A big challenge is to unify the idea of FAO as an essential pathway in cancer cells with the fact that cancer cells also require active FAS in order to grow and divide. Dogma states that FAO and FAS are incompatible. In principle, ACC determines which pathway is active, on the basis of acetyl CoA and malonyl CoA levels. Therefore, as ACC is a ‘one-way street’, both metabolic activities cannot coexist. However, we might need to rethink such a rigid regulatory framework. The group of Nissim Hay32 showed that genetic manipulation of ACC1 or ACC2 in cancer cells yielded different outcomes in terms of FAS and FAO. In addition, FAO metabolism can contribute to the accumulation of acetyl CoA in the cytoplasm that is needed to initiate FAS, so that FAS and FAO can support each other23. On the basis of this idea, we can speculate that, rather than a total pool of acetyl CoA and malonyl CoA, there might be ACC1 and ACC2 localization-dependent compartmentalization39 of these metabolites that allows both metabolic pathways to be active simultaneously and independently from each other.

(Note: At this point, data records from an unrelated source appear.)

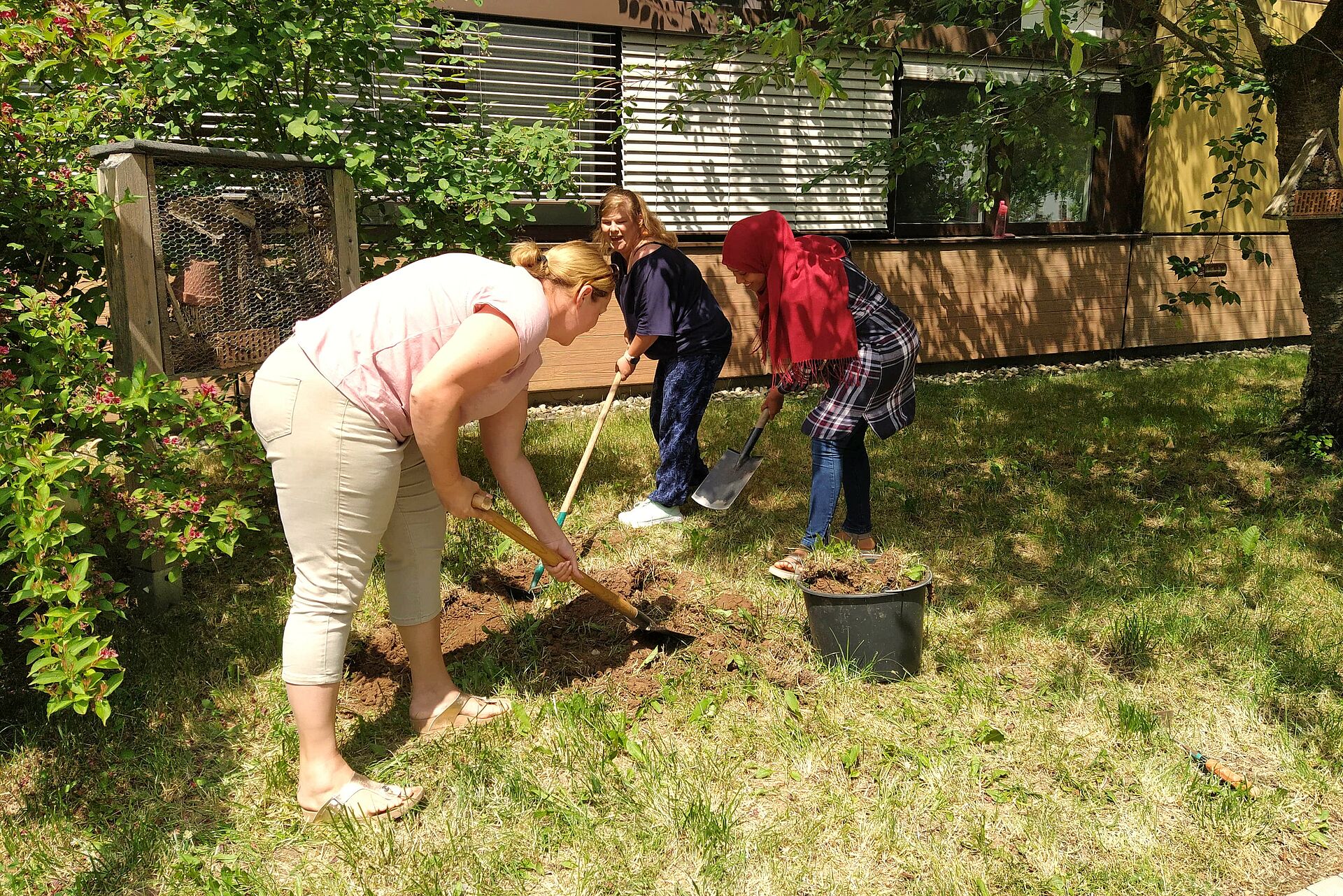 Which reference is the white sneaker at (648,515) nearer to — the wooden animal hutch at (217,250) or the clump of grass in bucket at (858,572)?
the clump of grass in bucket at (858,572)

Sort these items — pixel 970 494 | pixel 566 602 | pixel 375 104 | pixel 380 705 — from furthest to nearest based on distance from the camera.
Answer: pixel 970 494 < pixel 375 104 < pixel 566 602 < pixel 380 705

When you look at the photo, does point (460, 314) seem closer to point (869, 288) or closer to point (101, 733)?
point (101, 733)

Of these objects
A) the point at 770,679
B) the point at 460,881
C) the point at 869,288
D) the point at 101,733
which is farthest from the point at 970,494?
the point at 101,733

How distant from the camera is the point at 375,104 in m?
5.18

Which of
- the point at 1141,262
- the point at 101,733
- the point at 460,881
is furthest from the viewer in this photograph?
the point at 1141,262

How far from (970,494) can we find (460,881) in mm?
4098

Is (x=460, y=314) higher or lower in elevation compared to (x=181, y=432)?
higher

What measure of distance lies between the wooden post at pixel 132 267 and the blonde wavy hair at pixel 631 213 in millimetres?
2282

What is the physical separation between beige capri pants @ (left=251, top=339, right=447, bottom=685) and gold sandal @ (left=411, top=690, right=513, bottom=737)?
60 cm

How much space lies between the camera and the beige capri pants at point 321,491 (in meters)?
2.61

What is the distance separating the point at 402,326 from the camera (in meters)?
2.66

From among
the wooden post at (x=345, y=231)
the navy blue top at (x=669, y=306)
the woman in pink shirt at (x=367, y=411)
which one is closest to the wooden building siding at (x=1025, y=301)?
the navy blue top at (x=669, y=306)

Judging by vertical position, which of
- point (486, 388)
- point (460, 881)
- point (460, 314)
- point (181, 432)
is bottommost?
point (460, 881)

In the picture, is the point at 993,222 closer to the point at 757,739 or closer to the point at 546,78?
the point at 546,78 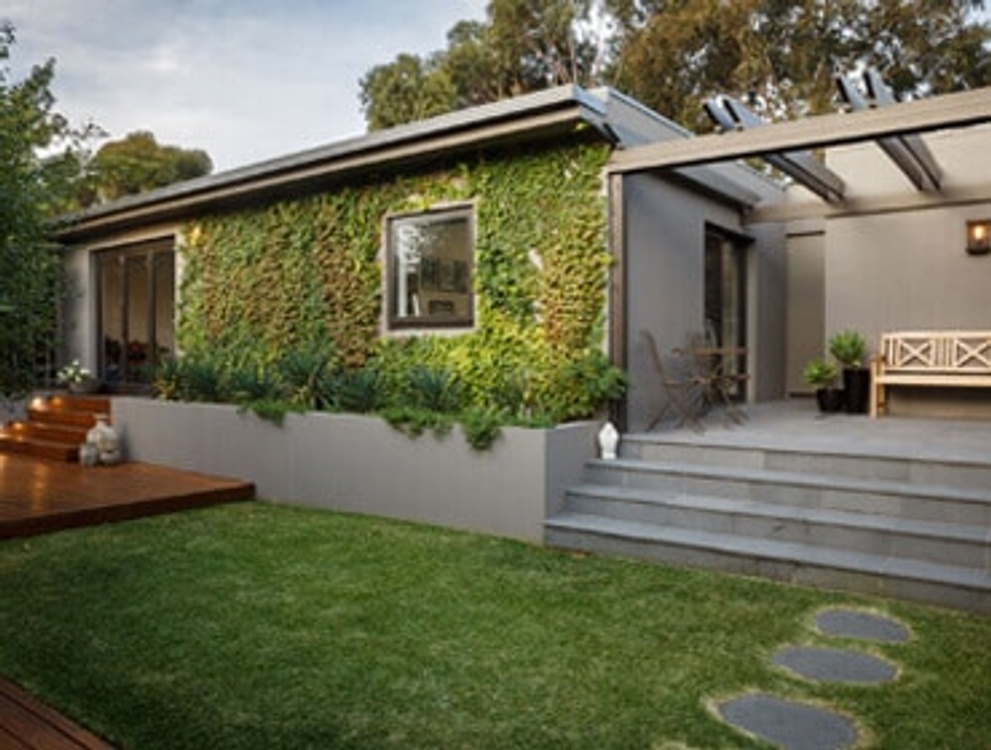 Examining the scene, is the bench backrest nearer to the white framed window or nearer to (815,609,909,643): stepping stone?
the white framed window

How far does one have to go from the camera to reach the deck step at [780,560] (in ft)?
12.3

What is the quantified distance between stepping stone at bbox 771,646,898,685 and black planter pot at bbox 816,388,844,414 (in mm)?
5162

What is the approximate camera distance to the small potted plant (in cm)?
1053

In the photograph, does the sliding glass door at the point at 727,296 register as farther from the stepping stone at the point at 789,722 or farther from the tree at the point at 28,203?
the tree at the point at 28,203

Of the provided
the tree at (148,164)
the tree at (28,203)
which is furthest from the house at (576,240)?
the tree at (148,164)

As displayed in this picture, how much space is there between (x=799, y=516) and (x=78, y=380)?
31.8 feet

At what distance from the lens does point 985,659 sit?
10.2ft

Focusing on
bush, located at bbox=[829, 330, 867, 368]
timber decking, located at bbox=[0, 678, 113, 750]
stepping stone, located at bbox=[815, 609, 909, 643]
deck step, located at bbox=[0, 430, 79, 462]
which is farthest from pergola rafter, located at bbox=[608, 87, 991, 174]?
deck step, located at bbox=[0, 430, 79, 462]

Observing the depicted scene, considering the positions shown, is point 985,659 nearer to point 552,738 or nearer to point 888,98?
point 552,738

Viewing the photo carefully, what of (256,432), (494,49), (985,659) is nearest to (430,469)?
(256,432)

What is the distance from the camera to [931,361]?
7691 millimetres

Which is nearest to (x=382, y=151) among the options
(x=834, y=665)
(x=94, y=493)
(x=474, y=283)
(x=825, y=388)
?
(x=474, y=283)

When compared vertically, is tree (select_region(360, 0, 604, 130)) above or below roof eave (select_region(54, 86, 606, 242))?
above

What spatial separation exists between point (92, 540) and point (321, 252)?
3.78m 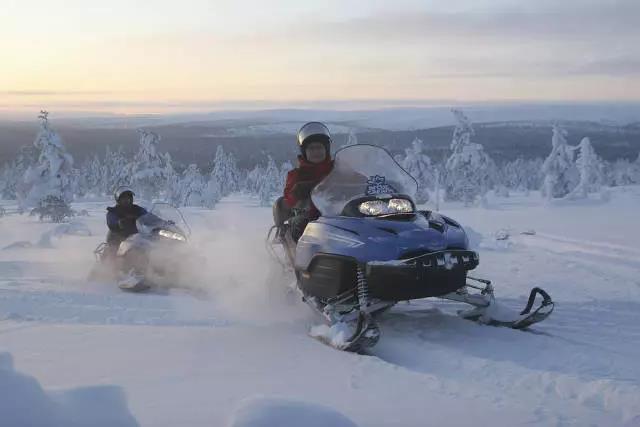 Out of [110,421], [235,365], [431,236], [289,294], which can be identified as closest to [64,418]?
[110,421]

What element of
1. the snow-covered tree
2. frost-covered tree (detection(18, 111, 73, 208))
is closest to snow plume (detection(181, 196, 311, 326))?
frost-covered tree (detection(18, 111, 73, 208))

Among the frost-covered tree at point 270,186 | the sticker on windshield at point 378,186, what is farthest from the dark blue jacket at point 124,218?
the frost-covered tree at point 270,186

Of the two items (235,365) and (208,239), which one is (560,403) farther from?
(208,239)

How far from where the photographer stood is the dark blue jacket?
31.5 ft

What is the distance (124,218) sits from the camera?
9617 millimetres

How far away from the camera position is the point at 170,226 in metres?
9.24

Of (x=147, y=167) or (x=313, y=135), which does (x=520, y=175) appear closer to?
(x=147, y=167)

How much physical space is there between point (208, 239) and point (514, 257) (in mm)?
5840

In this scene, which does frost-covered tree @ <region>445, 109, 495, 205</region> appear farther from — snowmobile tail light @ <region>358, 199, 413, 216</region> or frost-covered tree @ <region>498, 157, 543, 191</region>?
snowmobile tail light @ <region>358, 199, 413, 216</region>

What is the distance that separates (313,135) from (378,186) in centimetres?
142

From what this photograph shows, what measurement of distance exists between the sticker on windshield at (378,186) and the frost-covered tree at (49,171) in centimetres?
3353

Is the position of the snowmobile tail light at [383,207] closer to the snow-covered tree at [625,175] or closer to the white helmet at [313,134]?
the white helmet at [313,134]

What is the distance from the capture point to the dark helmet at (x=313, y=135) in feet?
24.3

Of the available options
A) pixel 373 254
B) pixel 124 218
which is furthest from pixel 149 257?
pixel 373 254
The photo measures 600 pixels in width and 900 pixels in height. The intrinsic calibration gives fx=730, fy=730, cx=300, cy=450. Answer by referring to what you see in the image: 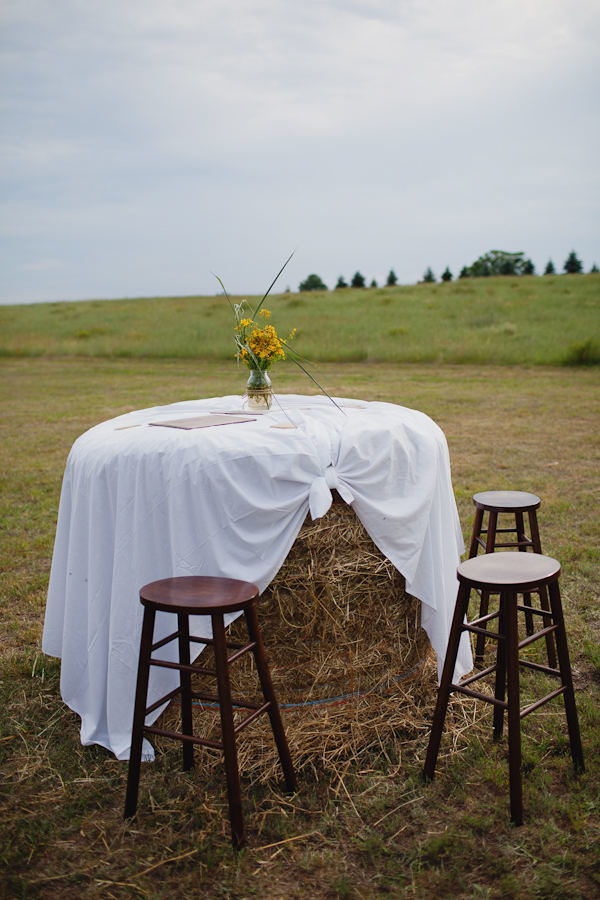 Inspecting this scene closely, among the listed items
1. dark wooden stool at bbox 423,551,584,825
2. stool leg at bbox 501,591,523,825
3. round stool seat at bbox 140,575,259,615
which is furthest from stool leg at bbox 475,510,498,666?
round stool seat at bbox 140,575,259,615

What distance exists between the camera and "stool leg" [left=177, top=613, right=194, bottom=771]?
2711 millimetres

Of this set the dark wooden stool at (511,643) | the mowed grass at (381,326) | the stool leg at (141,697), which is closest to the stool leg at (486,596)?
the dark wooden stool at (511,643)

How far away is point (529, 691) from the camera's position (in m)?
3.37

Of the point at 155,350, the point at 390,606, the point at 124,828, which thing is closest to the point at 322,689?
the point at 390,606

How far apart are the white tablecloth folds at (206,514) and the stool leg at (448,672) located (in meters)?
0.33

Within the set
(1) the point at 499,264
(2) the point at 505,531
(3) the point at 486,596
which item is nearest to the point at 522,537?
(2) the point at 505,531

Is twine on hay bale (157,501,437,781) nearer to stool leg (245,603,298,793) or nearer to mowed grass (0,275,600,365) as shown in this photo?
stool leg (245,603,298,793)

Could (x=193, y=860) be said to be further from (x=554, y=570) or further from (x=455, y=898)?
(x=554, y=570)

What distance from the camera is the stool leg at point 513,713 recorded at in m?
2.45

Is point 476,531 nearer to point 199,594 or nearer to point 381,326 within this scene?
point 199,594

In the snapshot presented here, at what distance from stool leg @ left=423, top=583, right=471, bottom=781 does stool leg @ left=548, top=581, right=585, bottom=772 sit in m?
0.34

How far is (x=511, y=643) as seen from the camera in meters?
2.48

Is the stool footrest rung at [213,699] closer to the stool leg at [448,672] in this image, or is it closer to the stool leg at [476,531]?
the stool leg at [448,672]

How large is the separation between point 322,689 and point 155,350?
2046 cm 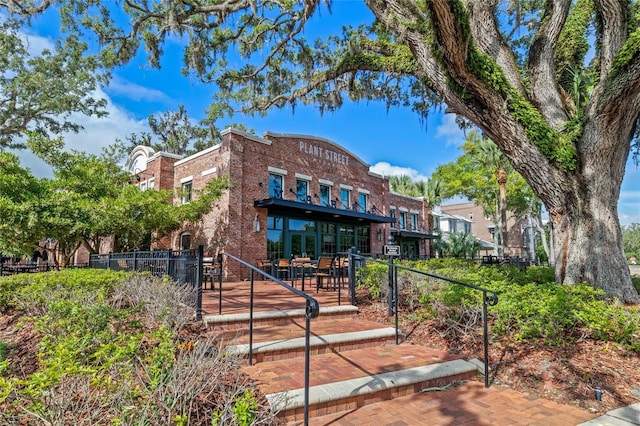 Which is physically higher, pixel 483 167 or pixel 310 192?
pixel 483 167

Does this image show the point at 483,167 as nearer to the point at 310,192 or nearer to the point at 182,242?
the point at 310,192

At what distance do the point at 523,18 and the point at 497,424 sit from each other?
419 inches

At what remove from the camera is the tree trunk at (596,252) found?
559cm

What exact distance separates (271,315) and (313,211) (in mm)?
10505

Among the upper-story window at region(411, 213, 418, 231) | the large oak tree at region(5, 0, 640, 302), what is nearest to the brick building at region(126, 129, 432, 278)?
the upper-story window at region(411, 213, 418, 231)

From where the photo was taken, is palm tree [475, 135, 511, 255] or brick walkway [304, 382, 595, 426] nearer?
brick walkway [304, 382, 595, 426]

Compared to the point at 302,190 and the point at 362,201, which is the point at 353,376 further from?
the point at 362,201

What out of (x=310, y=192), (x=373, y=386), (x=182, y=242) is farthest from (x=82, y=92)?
(x=373, y=386)

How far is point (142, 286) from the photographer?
16.2 ft

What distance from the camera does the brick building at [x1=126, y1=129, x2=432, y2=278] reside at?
14172mm

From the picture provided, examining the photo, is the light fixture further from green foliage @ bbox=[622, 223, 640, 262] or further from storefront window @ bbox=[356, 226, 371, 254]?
green foliage @ bbox=[622, 223, 640, 262]

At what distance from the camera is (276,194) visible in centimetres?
1571

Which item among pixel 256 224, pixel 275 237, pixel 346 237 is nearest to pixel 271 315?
pixel 256 224

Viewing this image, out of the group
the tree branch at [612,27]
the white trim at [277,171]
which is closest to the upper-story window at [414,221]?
the white trim at [277,171] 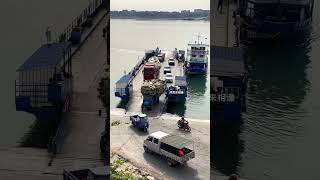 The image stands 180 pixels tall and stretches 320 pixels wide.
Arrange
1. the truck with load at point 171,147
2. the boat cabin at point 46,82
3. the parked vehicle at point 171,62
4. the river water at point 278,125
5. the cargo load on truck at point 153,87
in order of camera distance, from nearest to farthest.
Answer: the boat cabin at point 46,82 < the river water at point 278,125 < the truck with load at point 171,147 < the cargo load on truck at point 153,87 < the parked vehicle at point 171,62

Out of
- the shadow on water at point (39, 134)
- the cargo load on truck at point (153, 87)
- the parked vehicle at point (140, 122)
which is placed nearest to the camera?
the shadow on water at point (39, 134)

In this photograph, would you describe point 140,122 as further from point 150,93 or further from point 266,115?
point 266,115

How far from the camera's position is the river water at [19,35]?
313 centimetres

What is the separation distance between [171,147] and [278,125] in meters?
1.10

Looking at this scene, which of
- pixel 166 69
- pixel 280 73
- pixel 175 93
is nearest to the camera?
pixel 280 73

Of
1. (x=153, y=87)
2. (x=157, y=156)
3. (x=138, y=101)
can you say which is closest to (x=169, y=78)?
(x=153, y=87)

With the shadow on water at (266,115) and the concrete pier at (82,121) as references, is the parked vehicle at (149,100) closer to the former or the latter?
the shadow on water at (266,115)

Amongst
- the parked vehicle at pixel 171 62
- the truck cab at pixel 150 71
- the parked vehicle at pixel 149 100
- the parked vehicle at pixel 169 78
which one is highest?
the parked vehicle at pixel 171 62

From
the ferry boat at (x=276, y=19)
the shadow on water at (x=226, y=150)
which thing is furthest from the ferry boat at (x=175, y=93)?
the ferry boat at (x=276, y=19)

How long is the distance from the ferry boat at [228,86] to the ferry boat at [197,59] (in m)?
3.35

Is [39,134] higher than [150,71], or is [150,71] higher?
[150,71]

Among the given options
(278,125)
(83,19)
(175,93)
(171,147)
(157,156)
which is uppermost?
(83,19)

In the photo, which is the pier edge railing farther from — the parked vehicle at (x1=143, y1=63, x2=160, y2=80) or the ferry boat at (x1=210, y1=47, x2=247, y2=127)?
the parked vehicle at (x1=143, y1=63, x2=160, y2=80)

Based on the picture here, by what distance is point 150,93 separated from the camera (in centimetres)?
538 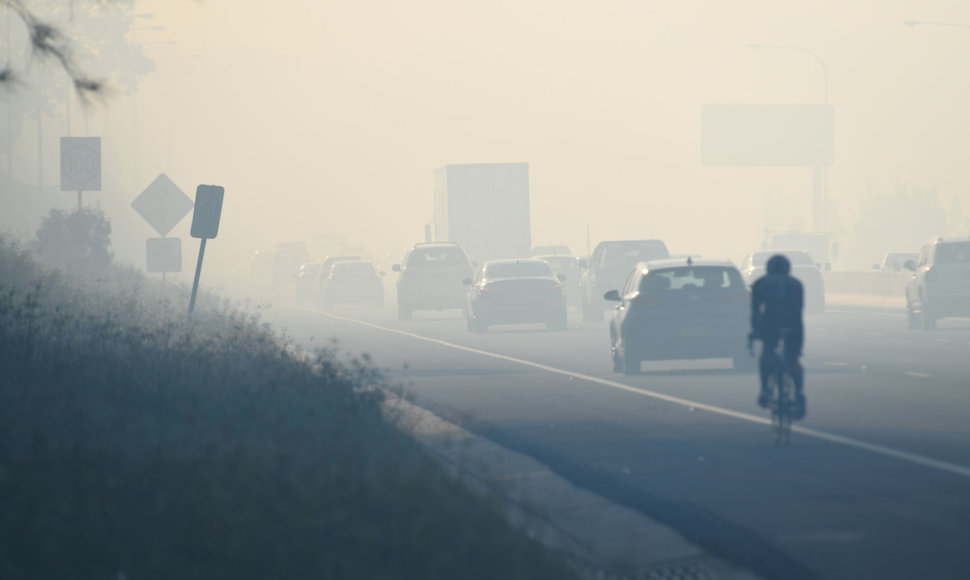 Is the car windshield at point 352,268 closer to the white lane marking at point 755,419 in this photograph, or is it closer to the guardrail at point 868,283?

The data suggesting a greater requirement of FAO in undifferentiated cells also raise an interesting possibility. It is plausible that in quiescent and undifferentiated cells the competition between FAS and FAO may be less prominent (as these cells display a lower membrane synthesis rate), thus indicating that these cells might derive a full survival benefit from FAO activation and its biological output. In turn, their dependence on FAO could make them vulnerable, providing a unique therapeutic opportunity from the pharmacological manipulation of this metabolic pathway.
For all the reasons stated above, there is an exciting therapeutic potential for the pharmacological blockade of FAO in cancer. Two key enzymes in the FAO pathway are particularly interesting as potential targets for pharmacological intervention. CPT1 is considered the rate-limiting enzyme in FAO and can be pharmacologically targeted. Drugs that target 3-ketoacylthiolase (3-KAT), which catalyses the final step in FAO, are also available (TABLE 1).